Remember the old saw about the man who only had a hammer?

There are many integer and many floating point types and there are many implementations for them. If you get to know these well, it will make your results better, not to mention your code. When you make your choices, you will use several criteria.

Application

If your application basically uses whole numbers, generally use integers. In C++ you have both signed (the default) and unsigned, and selecting unsigned will not only give you almost twice the maximum limit, it may permit the compiler to warn you about unwise uses of your number.

If it uses decimal values, often a floating point representation may be better. First, it may be more natural to program an equation from science, engineering, or business when the values are not restricted to whole numbers. Binary coded decimal (BCD) can also help with currency and although it takes more space and is slower, it has some desirable characteristics when used appropriately.

If you application relates to currency, that might be a tricky one because floating point is not precise, so occasionally you can gain or lose cents due to rounding. Sometimes you can manipulate in integer cents instead of floating point dollars to speed things up and make them more precise.

Prefer Doubles to Floats

I generally prefer doubles to floats because they are less likely to introduce rounding errors. The C++ compiler will often promote floats to doubles as it passes them to standard library functions even for calculations with basic operators. Using doubles generally makes your code and the compiler’s generated machine code a little bit less complicated.

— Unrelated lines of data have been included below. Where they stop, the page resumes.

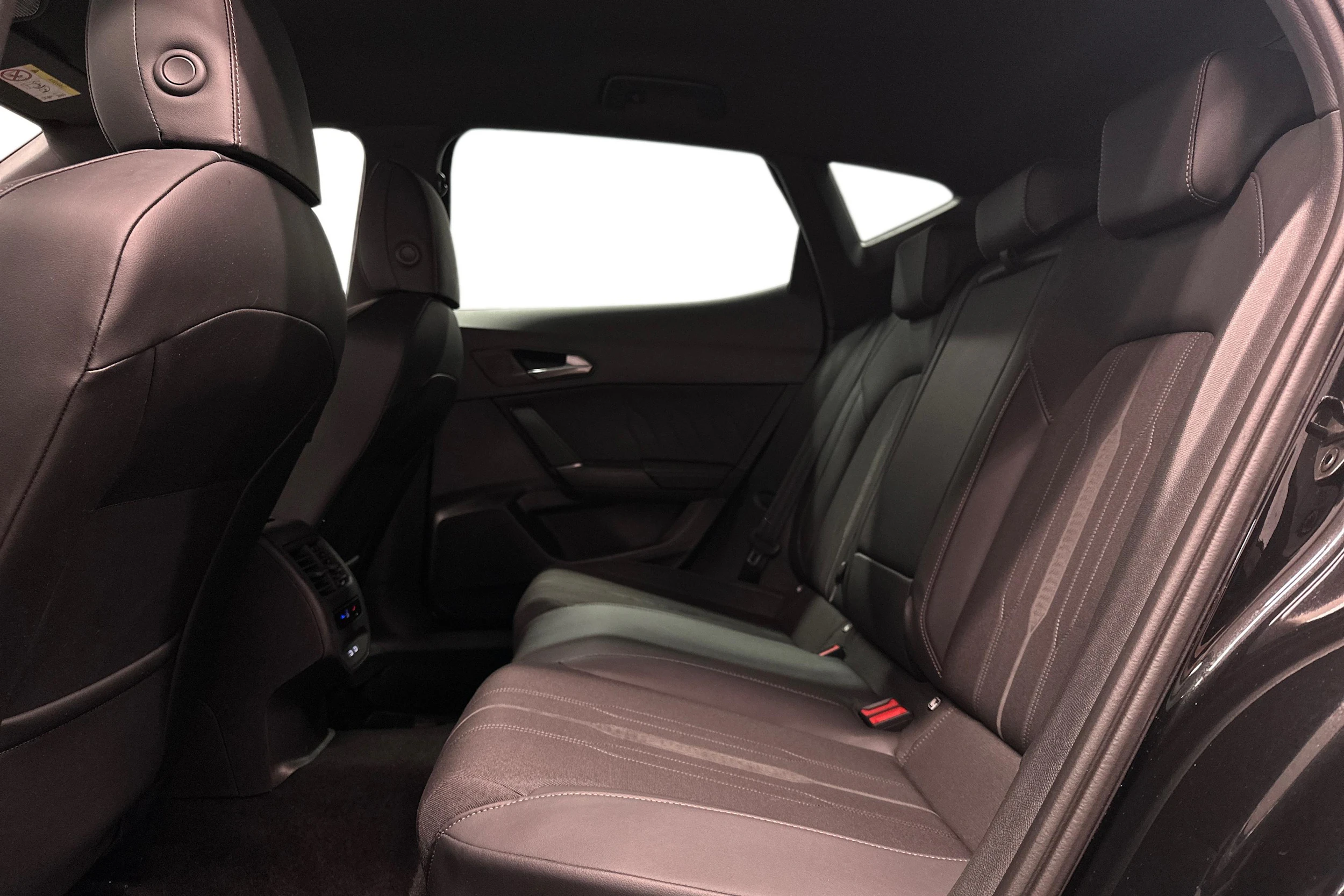 musta CUPRA Formentor 2023 kuva 8.
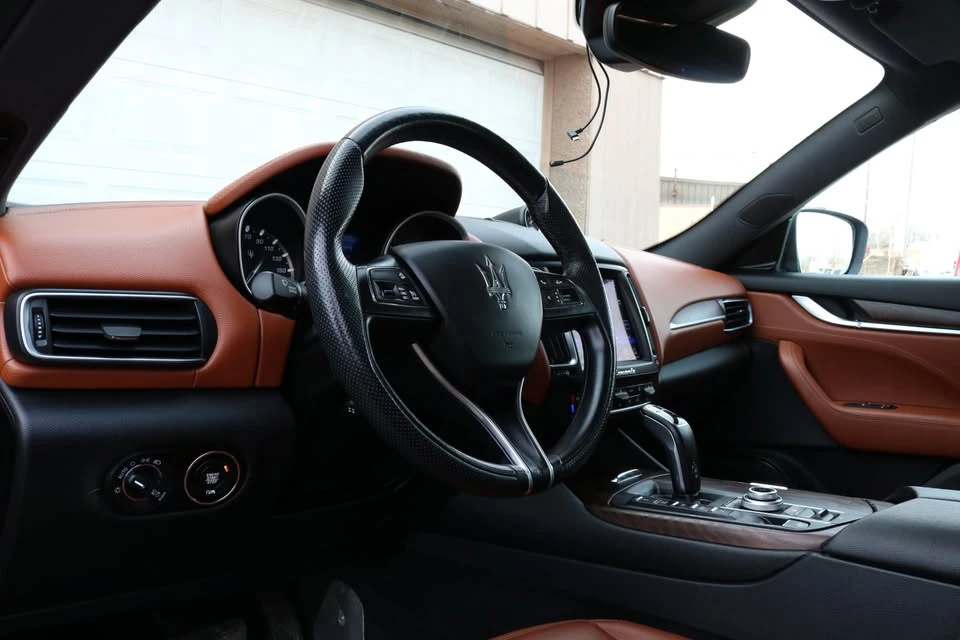 2020 Maserati Levante - Image 10 of 20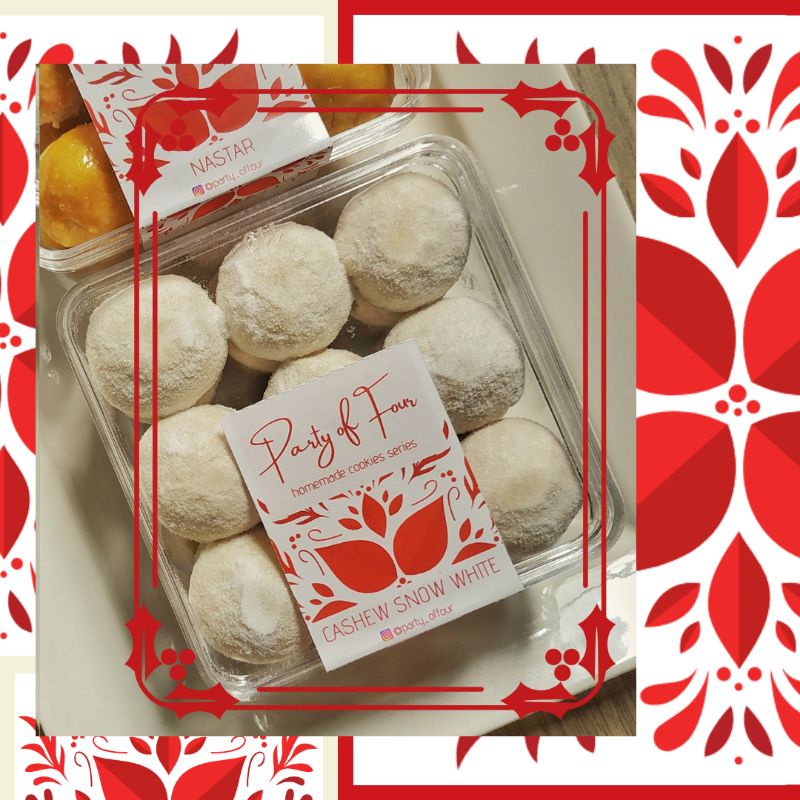 

SNOW WHITE / PUTRI SALJU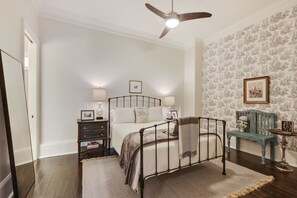 1 chambre, fer et planche à repasser, Wi-Fi gratuit, draps fournis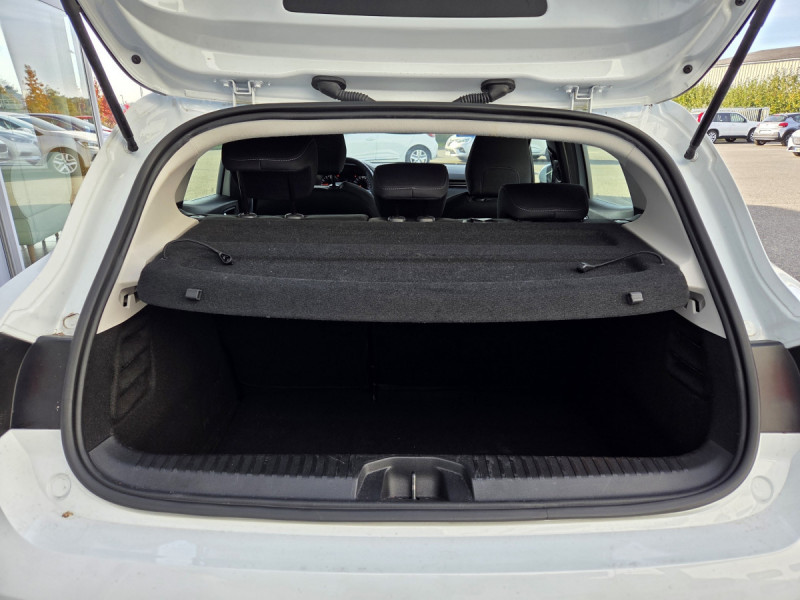 Photo 18 de l'offre de RENAULT Clio (5) Business SCe 65 -21 à 10490€ chez Carlyss automobiles Vitré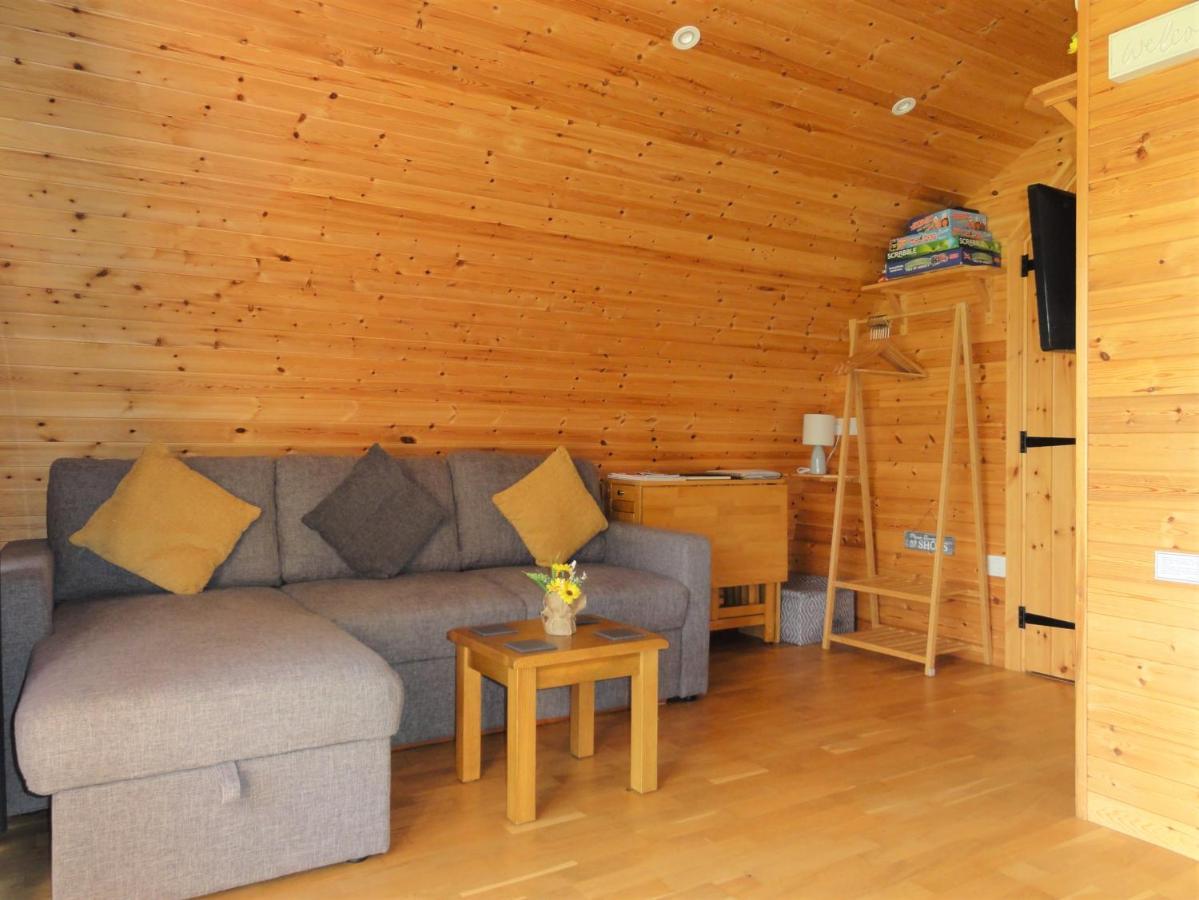 Cosy Cabins At Westfield Farm, Isle Of Wight Yarmouth  Exterior photo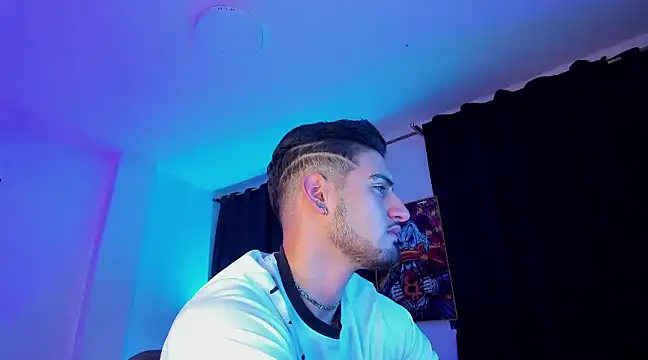 Giomar Reyes online show from 01.07.25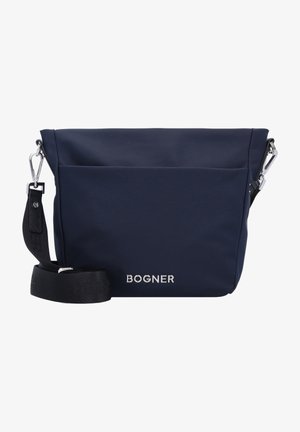 Bolso de hombro azul marino fabricado en nylon suave, con un bolsillo frontal, herrajes plateados y una correa negra ajustable con detalles del logo.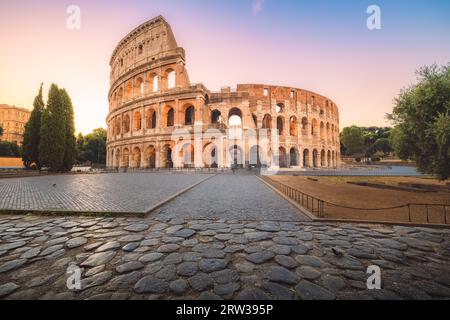 L'emblématique amphithéâtre Flavien, l'ancien Colisée romain, un monument touristique célèbre, illuminé au lever ou au coucher du soleil dans la ville historique de Rome, en Italie. Banque D'Images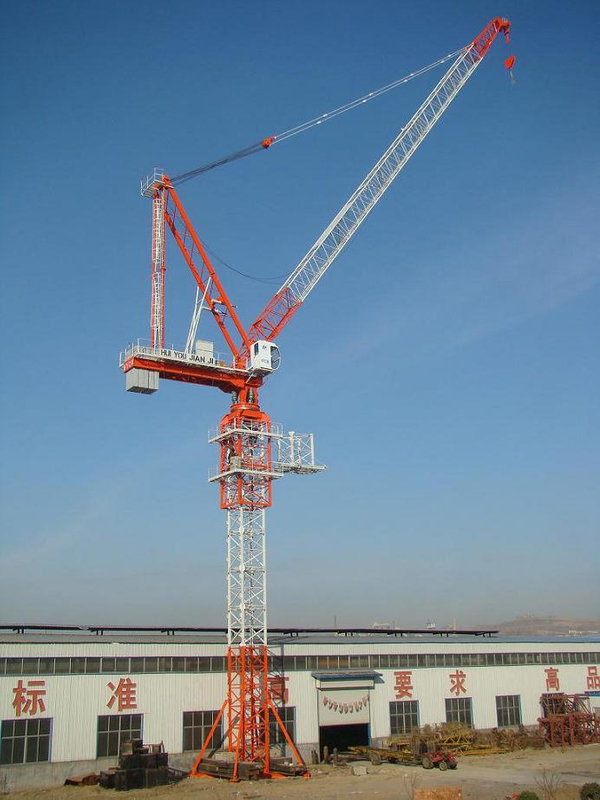 Luffing jib crane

Rounding very frequently can become a concern, so you will need to consider conversions between integer and floating point, sequence of evaluation within equations, accumulated errors within loops, and normalization of very large and very small values when used together. You will wish to validate the ranges of both inputs and outputs, and sometimes intermediate values to insure things have not gone wrong.

Size Matters

To insure your results have precise values, you may need to understand the range and representation of the floating point types, and a little bit of numerical analysis. http://en.wikipedia.org/wiki/Floating_point has a lot of cool information.

As another down vote for floats in favor of doubles consider that a 32-bit float will burn eight bits for the exponent, and the mantissa part that holds a scaled version of your value will need to fit in 23 bits after you account for the sign of the mantissa. 2^23 is not particularly big. If you want to count from one to 10 million, you might want to use a 32 bit integer or a double.

Underlying architecture

If you have hardware floating point, generally it is OK to use it. If you don’t, highly optimized libraries on fast clocked fix point processors may still cope very well.

If you have a eight bit embedded work horse, learn how to scale and normalize inputs and by all means, carefully implement your repetitious and time consuming calculations using fixed point. I am an Arduino documentation fan, even though my taste is to use beefier hardware when I work on embedded systems. The following link has a good discussion of what to do when your environment doesn’t have native floating point and your compiler only gives you floats (but no doubles).

http://www.sparkfun.com/tutorials/317

Many fixed point oriented architectures (for example, some Digital Signal Processors (DSP)) can help you with hardware instructions like multiply – accumulate, and often include very capable instructions to help multiply or do arithmetic shifts using integers. Details for using these may be performed by the compiler or by libraries, so it pays to learn as much as you can about your processor, particularly if you work on DSP or embedded projects.